### Material for the task
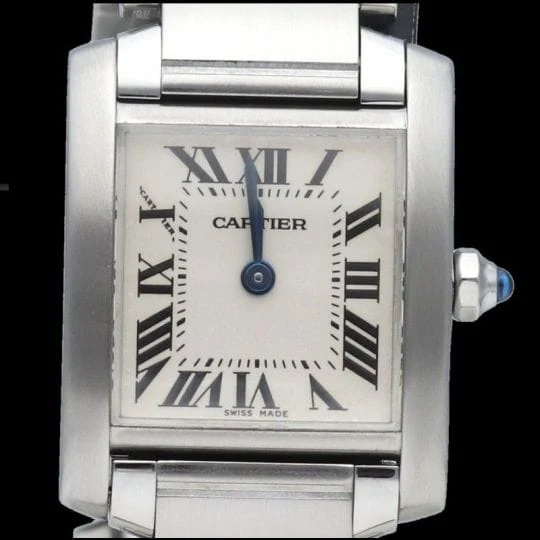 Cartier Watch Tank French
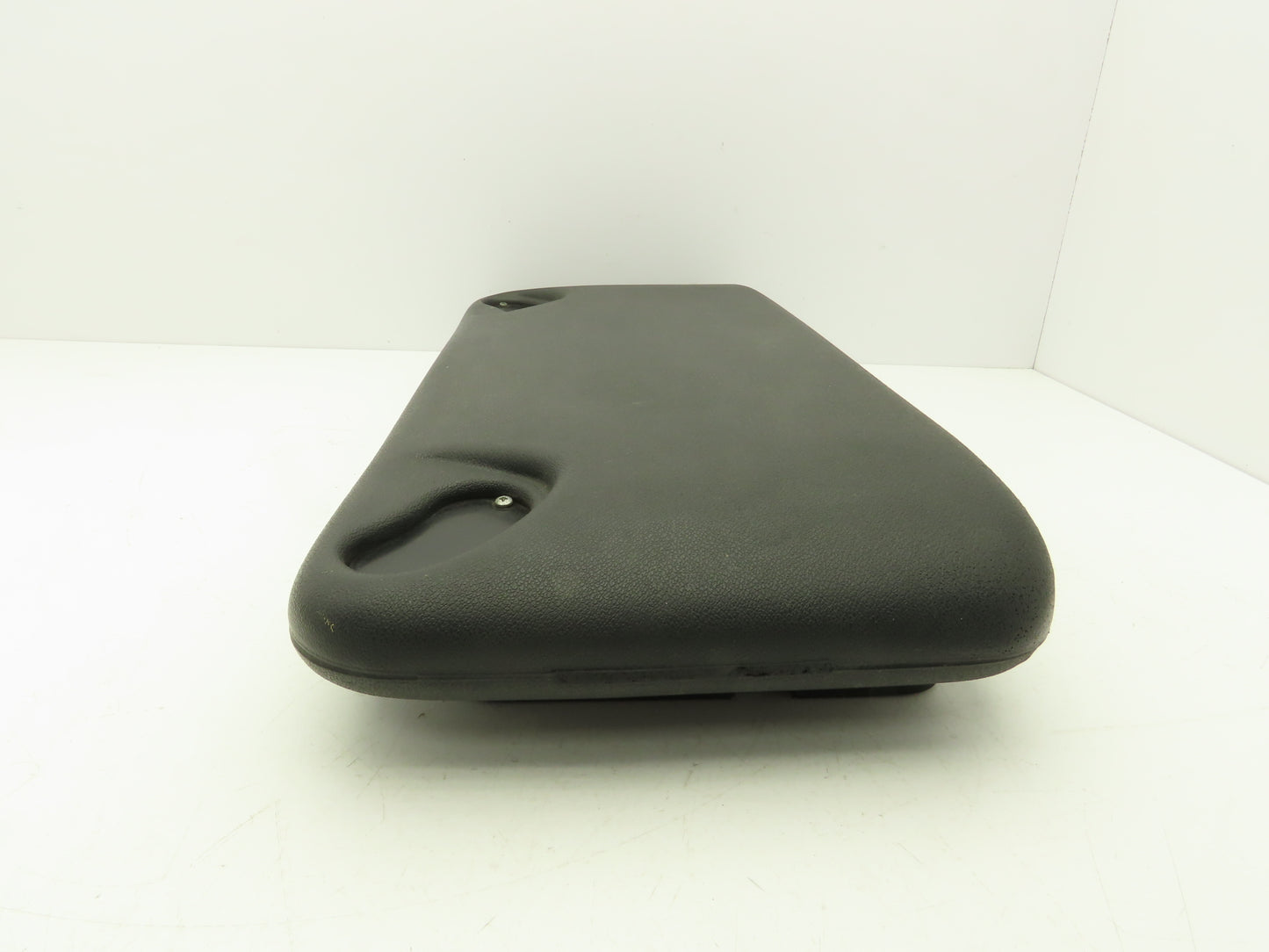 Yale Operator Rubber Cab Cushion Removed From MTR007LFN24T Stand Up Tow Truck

* * *

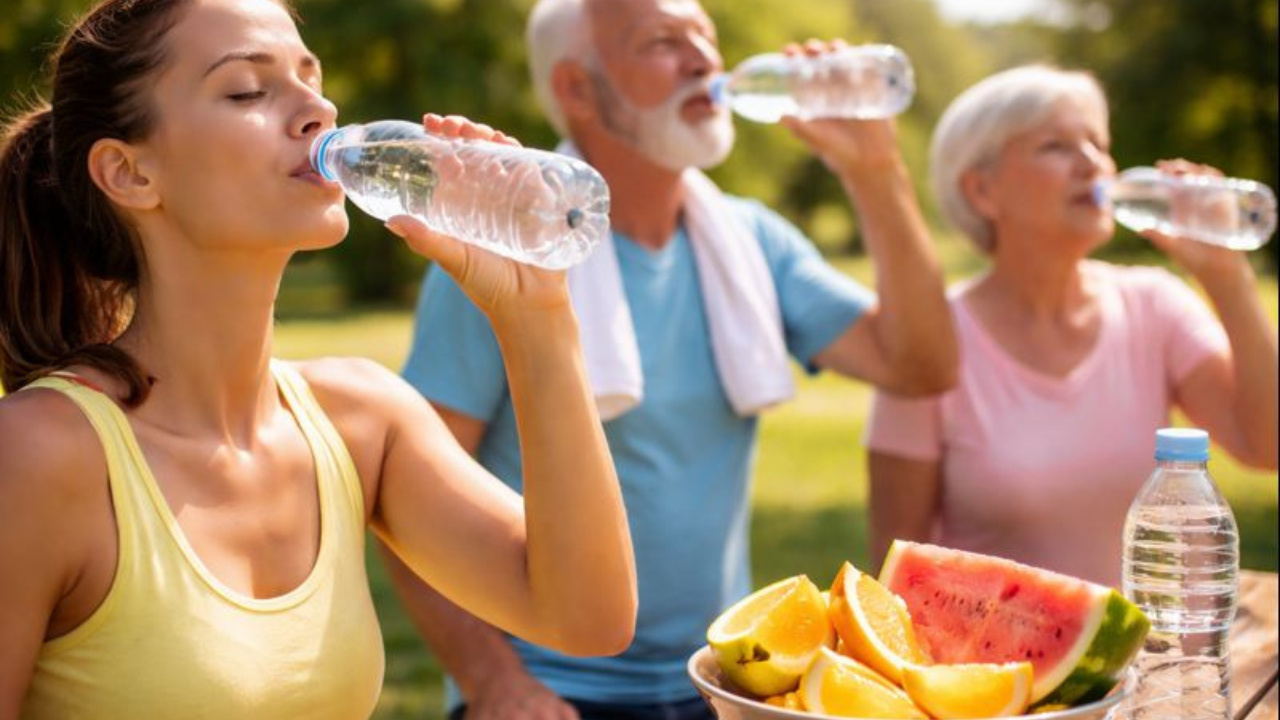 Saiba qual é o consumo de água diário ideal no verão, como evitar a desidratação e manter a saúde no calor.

### About this exercise
Lines wanted from the entries above: the one with "Cartier Watch Tank French", the one with "Yale Operator Rubber", and all lines between. Please copy them exactly, without the pictures and without anything else.

### Answer section
 Cartier Watch Tank French
 Yale Operator Rubber Cab Cushion Removed From MTR007LFN24T Stand Up Tow Truck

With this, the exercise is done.